▶ What to produce
Look below for the lines from the one with "RV rental: Interior" to the one with "46 Silver Lynx", and copy exactly those lines, both ends included.

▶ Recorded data
# # #
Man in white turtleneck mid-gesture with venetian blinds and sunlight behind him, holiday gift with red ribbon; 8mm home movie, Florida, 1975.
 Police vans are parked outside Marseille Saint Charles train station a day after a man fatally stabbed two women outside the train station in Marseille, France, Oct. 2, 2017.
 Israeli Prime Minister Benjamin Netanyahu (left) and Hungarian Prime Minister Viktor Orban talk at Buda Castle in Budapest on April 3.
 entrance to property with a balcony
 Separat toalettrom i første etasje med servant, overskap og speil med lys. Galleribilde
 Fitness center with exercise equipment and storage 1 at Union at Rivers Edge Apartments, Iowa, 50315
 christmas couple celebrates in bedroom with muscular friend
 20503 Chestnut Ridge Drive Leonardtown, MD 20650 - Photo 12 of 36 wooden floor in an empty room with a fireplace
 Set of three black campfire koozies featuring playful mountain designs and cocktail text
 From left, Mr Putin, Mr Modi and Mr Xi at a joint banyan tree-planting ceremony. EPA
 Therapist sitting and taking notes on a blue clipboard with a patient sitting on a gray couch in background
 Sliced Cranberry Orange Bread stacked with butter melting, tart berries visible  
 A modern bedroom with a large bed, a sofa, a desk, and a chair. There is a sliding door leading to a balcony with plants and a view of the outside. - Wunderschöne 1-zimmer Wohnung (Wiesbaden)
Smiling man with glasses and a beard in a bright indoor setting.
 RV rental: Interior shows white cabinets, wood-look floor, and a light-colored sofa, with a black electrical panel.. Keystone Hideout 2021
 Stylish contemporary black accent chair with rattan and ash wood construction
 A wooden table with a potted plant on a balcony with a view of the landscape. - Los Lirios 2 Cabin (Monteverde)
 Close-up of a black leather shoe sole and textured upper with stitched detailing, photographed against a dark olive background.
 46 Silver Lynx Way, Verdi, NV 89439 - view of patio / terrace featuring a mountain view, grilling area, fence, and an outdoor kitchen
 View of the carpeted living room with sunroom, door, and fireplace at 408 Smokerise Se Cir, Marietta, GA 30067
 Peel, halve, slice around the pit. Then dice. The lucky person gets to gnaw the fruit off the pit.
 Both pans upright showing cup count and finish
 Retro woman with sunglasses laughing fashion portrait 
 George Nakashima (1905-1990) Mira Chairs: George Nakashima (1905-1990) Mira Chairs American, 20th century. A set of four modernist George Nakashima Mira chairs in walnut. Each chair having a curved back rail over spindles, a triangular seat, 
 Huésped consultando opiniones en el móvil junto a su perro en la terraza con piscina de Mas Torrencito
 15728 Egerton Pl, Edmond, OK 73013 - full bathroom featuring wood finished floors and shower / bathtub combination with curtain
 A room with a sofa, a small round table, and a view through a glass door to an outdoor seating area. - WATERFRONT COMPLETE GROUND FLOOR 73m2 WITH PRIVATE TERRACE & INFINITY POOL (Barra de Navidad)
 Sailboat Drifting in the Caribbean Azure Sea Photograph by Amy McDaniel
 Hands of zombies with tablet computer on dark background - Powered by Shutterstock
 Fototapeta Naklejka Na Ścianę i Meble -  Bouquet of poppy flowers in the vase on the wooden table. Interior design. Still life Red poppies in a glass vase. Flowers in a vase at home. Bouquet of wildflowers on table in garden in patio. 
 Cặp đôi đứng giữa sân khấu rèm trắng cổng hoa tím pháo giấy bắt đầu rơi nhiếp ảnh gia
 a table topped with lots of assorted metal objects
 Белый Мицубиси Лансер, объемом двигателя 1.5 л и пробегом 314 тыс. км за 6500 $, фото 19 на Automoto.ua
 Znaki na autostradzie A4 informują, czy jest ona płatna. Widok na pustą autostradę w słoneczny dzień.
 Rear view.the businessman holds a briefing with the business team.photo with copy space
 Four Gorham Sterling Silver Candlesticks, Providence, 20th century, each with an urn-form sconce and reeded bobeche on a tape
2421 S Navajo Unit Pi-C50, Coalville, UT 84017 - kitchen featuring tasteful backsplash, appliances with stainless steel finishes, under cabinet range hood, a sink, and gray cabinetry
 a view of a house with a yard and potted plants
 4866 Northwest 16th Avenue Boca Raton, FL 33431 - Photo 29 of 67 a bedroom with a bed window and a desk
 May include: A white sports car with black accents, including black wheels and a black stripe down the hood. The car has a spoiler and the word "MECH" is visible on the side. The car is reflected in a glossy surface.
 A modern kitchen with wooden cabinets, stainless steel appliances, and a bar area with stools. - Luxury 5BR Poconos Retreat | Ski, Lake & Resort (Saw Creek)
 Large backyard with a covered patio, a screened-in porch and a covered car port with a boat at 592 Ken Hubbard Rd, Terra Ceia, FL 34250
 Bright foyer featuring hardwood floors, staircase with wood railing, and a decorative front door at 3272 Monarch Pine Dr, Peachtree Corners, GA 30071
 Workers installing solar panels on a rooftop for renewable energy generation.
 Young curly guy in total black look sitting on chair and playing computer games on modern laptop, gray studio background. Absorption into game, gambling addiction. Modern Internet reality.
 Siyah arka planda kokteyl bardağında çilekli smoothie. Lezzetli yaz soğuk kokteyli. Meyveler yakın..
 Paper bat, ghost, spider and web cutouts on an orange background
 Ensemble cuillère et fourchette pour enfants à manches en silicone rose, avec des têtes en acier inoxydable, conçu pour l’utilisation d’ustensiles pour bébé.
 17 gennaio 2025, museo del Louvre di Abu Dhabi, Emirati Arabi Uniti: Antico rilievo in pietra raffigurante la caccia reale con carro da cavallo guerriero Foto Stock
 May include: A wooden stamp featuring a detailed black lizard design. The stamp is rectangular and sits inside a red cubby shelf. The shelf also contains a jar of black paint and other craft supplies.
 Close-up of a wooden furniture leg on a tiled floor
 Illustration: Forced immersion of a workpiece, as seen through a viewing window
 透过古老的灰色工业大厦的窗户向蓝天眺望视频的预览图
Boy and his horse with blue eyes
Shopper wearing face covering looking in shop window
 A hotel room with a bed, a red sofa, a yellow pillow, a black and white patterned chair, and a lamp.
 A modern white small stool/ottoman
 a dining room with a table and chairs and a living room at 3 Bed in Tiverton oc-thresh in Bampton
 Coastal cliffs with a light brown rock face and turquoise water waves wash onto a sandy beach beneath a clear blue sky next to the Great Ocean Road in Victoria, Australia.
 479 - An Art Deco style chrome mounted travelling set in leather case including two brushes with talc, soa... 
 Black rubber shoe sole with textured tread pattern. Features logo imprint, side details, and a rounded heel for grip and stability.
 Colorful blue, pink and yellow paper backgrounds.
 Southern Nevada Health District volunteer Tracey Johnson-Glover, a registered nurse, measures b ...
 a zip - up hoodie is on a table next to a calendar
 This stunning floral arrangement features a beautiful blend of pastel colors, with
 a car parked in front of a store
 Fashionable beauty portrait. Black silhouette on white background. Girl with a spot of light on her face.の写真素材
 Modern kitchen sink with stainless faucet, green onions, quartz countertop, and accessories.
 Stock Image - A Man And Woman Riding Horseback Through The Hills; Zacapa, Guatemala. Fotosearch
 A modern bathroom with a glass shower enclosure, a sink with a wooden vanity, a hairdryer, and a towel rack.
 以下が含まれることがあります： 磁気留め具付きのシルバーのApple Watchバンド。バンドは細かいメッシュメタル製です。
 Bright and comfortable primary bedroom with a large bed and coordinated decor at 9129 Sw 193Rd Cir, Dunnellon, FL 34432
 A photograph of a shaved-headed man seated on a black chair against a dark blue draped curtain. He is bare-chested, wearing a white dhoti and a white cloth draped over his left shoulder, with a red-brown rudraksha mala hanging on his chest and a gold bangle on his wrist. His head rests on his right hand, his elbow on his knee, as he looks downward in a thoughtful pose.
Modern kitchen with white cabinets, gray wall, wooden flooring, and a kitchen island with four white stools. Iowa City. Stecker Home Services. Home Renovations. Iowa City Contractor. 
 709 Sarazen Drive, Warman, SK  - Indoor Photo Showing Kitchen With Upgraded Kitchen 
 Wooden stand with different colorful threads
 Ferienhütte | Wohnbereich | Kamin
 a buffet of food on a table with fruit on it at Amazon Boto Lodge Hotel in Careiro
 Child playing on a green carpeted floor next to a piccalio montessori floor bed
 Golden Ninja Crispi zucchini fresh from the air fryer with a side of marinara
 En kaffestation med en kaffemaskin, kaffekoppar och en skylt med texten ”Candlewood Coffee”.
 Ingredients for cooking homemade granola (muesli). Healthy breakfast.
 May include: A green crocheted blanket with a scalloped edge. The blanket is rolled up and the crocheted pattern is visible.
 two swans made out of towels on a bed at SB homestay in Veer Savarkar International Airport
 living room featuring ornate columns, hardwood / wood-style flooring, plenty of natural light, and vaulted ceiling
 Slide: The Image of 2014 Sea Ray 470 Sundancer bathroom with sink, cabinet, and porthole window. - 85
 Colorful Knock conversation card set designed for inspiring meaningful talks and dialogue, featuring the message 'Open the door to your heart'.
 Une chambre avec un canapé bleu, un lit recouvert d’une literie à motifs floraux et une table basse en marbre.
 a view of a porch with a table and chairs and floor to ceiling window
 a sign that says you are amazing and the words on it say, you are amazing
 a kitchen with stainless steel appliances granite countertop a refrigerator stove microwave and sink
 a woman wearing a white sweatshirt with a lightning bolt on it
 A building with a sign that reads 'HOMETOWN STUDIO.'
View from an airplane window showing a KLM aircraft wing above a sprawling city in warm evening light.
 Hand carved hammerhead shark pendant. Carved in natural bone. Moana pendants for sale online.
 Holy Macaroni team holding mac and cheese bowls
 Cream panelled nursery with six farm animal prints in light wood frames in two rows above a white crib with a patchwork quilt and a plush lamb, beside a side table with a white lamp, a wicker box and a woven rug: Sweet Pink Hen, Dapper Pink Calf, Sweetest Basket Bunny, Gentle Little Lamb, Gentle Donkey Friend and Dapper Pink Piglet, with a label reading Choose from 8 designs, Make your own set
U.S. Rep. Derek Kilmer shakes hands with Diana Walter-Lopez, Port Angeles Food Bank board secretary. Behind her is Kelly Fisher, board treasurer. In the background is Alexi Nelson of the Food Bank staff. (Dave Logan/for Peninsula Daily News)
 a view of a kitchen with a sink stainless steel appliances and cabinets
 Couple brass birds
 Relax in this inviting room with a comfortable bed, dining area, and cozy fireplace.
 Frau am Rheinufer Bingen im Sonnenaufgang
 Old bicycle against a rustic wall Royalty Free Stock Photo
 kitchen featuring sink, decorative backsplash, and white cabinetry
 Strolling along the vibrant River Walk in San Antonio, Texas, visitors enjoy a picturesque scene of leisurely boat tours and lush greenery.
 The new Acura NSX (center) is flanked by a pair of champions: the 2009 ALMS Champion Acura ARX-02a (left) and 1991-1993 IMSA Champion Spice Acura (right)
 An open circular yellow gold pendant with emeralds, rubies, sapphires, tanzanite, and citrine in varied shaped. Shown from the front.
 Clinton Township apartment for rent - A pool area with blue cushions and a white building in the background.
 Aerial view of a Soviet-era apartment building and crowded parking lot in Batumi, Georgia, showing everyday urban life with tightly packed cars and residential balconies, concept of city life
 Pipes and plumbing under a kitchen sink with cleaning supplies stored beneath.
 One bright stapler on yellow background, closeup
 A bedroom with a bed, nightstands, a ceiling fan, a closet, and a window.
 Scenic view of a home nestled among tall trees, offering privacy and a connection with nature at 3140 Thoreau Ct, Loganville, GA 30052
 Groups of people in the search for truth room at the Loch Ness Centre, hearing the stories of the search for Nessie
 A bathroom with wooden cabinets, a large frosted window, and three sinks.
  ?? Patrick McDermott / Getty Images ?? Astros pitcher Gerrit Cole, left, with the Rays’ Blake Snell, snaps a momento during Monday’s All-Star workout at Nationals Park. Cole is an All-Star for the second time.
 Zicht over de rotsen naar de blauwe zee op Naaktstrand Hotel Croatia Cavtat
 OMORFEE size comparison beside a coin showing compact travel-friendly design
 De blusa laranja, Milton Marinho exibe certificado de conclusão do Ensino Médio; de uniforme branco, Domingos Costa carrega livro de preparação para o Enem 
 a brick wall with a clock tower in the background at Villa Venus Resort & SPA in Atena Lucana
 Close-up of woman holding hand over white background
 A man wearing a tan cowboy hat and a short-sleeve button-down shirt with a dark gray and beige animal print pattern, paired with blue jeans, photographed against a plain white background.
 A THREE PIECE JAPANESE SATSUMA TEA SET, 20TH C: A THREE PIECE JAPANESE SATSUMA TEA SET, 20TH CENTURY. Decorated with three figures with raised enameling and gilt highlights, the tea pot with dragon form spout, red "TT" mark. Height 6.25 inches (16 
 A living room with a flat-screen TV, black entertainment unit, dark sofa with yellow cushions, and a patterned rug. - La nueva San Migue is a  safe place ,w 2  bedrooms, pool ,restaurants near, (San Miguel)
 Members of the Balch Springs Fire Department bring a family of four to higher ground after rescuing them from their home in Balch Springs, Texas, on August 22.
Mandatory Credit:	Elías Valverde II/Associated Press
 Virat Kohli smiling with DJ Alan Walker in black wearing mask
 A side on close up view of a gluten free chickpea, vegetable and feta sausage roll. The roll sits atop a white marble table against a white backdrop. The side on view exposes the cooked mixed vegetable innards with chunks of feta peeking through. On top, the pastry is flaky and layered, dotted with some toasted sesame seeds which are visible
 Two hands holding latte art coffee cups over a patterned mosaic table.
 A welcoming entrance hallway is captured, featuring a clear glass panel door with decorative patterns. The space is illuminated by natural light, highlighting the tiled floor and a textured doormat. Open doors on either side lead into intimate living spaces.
# # #
▶ Task answer
 RV rental: Interior shows white cabinets, wood-look floor, and a light-colored sofa, with a black electrical panel.. Keystone Hideout 2021
 Stylish contemporary black accent chair with rattan and ash wood construction
 A wooden table with a potted plant on a balcony with a view of the landscape. - Los Lirios 2 Cabin (Monteverde)
 Close-up of a black leather shoe sole and textured upper with stitched detailing, photographed against a dark olive background.
 46 Silver Lynx Way, Verdi, NV 89439 - view of patio / terrace featuring a mountain view, grilling area, fence, and an outdoor kitchen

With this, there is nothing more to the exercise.